=== EXERCISE DATA ===

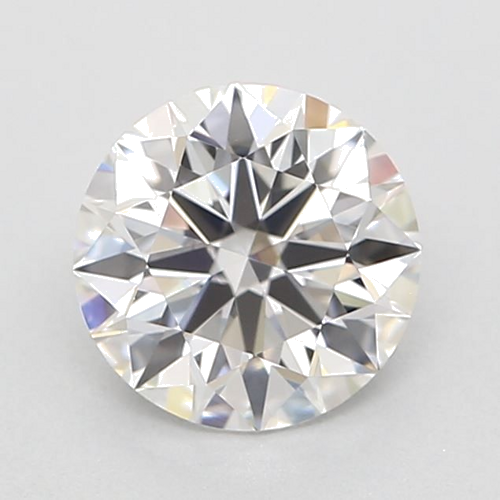 0.51 carat E-VVS1 Excellent cut Natūralus Round Deimantas (1)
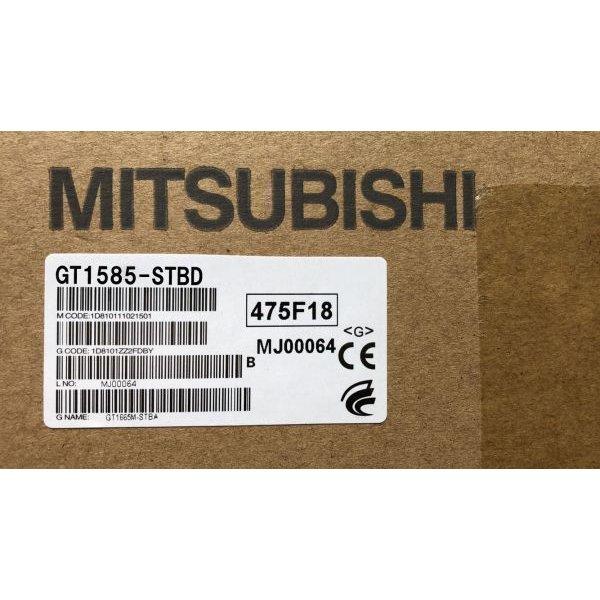 【 新品★貨物輸送無料 】MITSUBISHI/三菱 タッチパネル GT1585-STBD 【６ヶ月引き受ける】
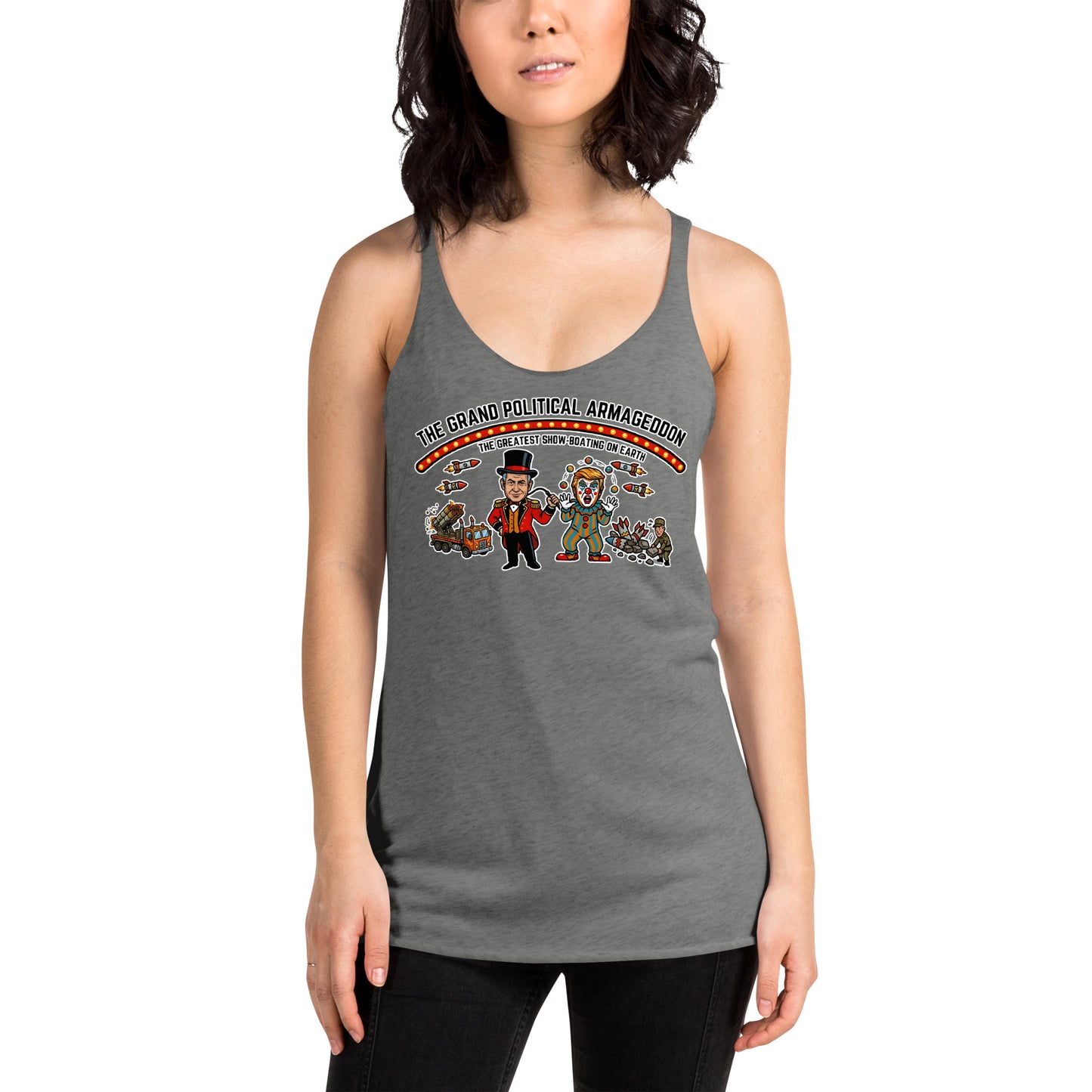 Women's Racerback Tank by Sweet Agitator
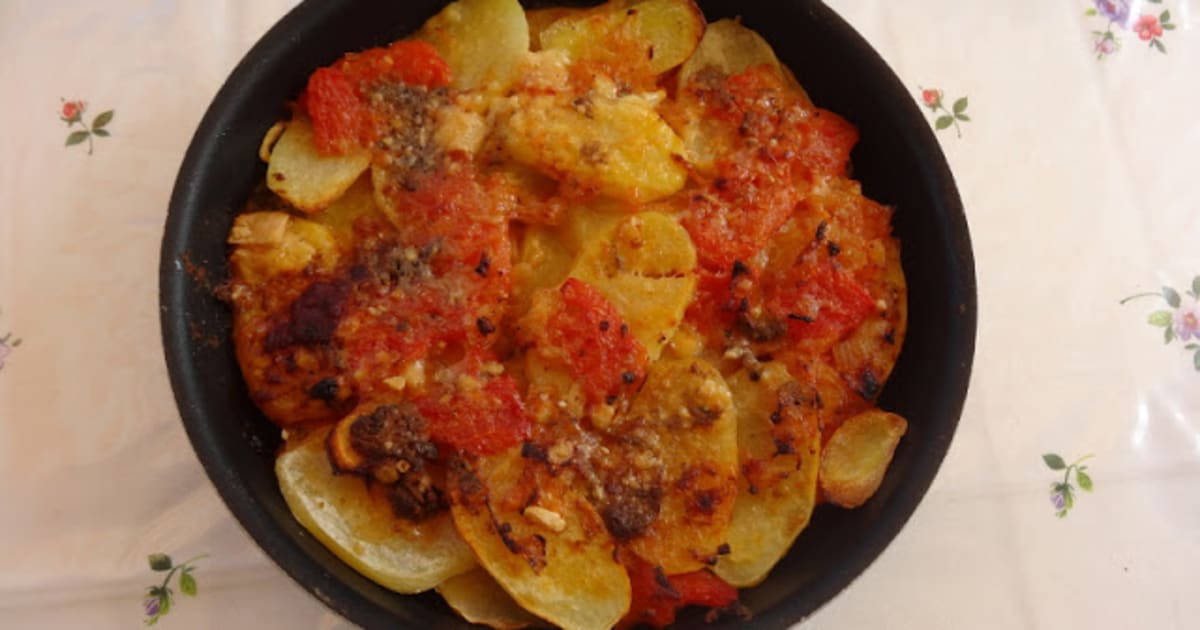 Gratin de pommes de terre à la provençale de Julia Child Recette par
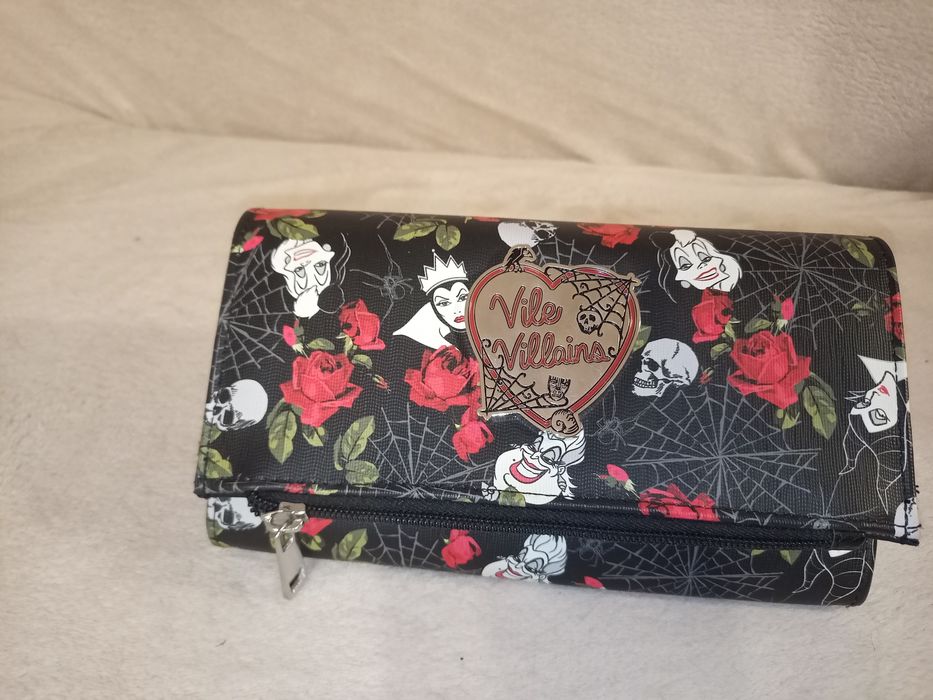 Сумочка клатч vile villains нова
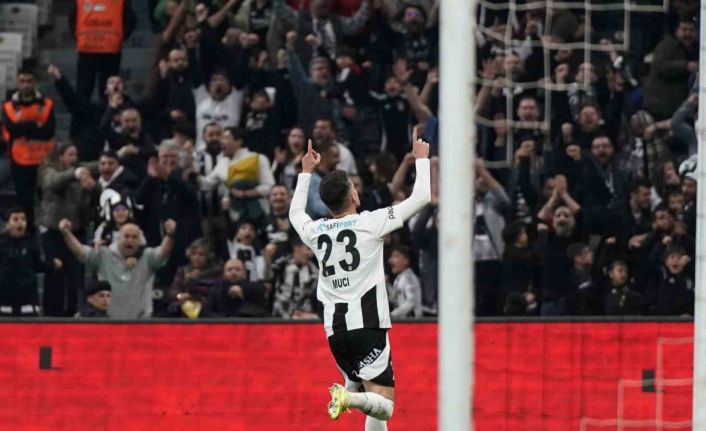 Muçi, gol sayısını 7’ye çıkardı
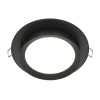 Встраиваемый светильник 1*GX53 15Вт Черный IP20 Downlight DL086-GX53-RD-B Technical Maytoni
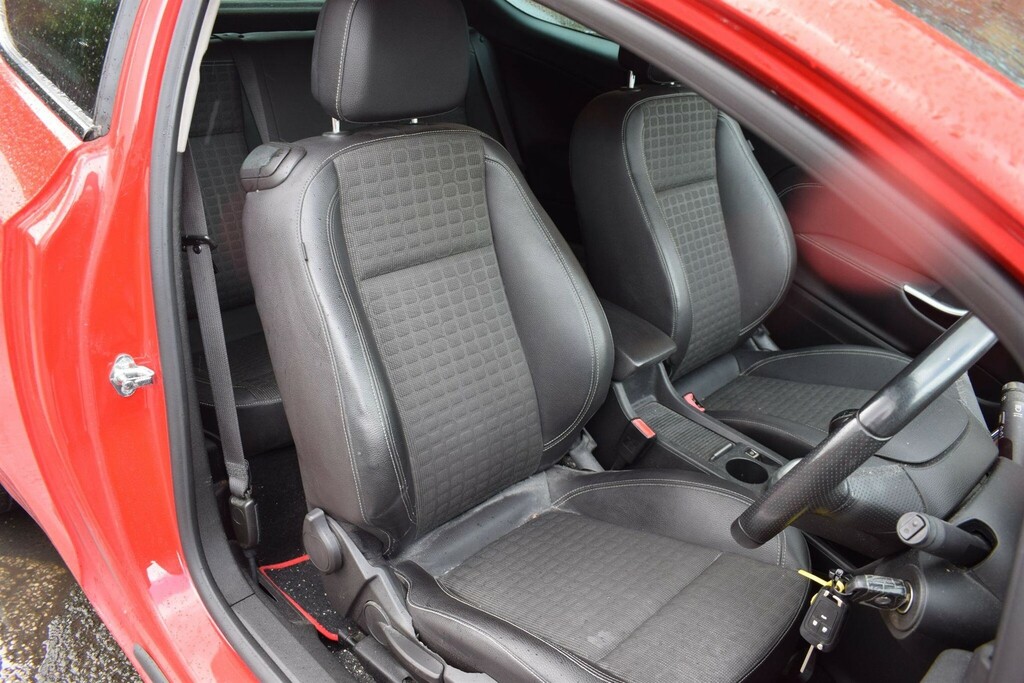Vauxhall Astra GTC  Red #30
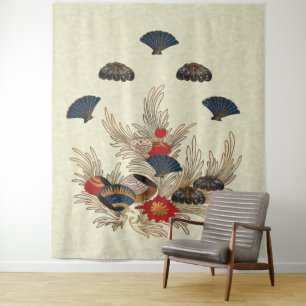 Tapiz Decoración del Océano Asiático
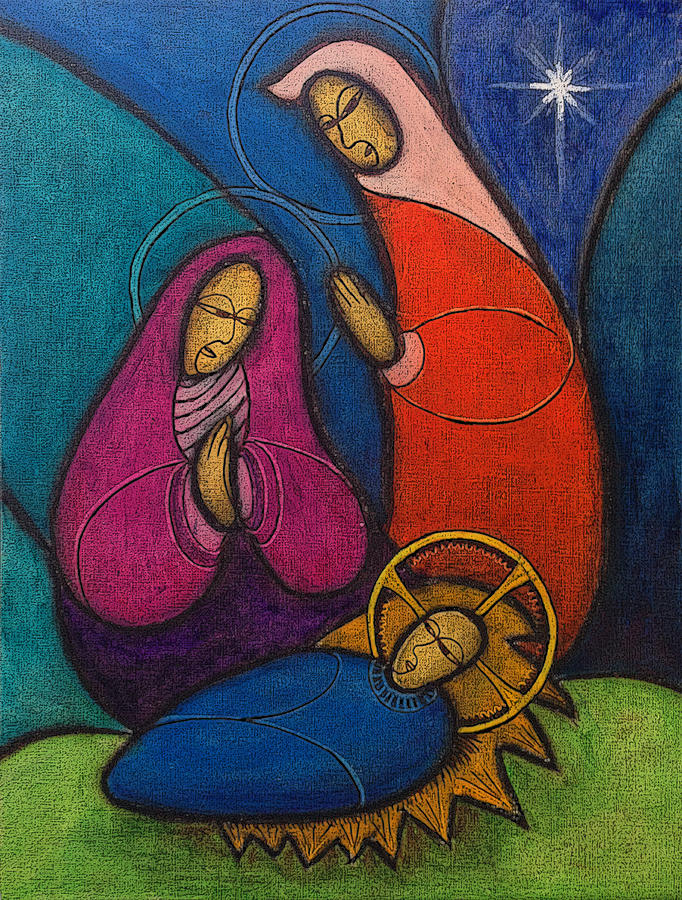 Nativity Revisited Painting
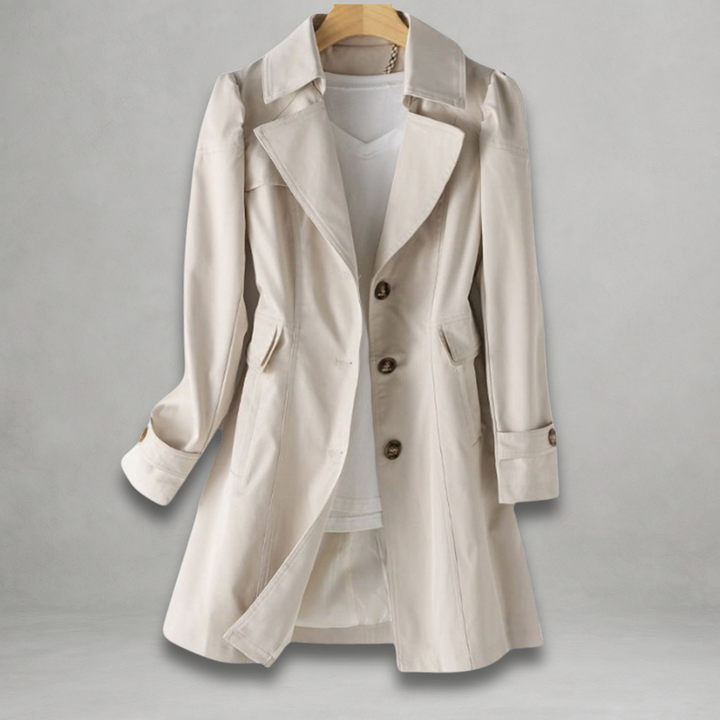Ursaly - Elegant Autumn Trench Coat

===

**WHAT IS REQUIRED**
An exact copy of the data above is required, printed without its pictures.

**EXERCISE SOLUTION**
 0.51 carat E-VVS1 Excellent cut Natūralus Round Deimantas (1)
 【 新品★貨物輸送無料 】MITSUBISHI/三菱 タッチパネル GT1585-STBD 【６ヶ月引き受ける】
 Women's Racerback Tank by Sweet Agitator
 Gratin de pommes de terre à la provençale de Julia Child Recette par
 Сумочка клатч vile villains нова
 Muçi, gol sayısını 7’ye çıkardı
 Встраиваемый светильник 1*GX53 15Вт Черный IP20 Downlight DL086-GX53-RD-B Technical Maytoni
Vauxhall Astra GTC  Red #30
 Tapiz Decoración del Océano Asiático
 Nativity Revisited Painting
Ursaly - Elegant Autumn Trench Coat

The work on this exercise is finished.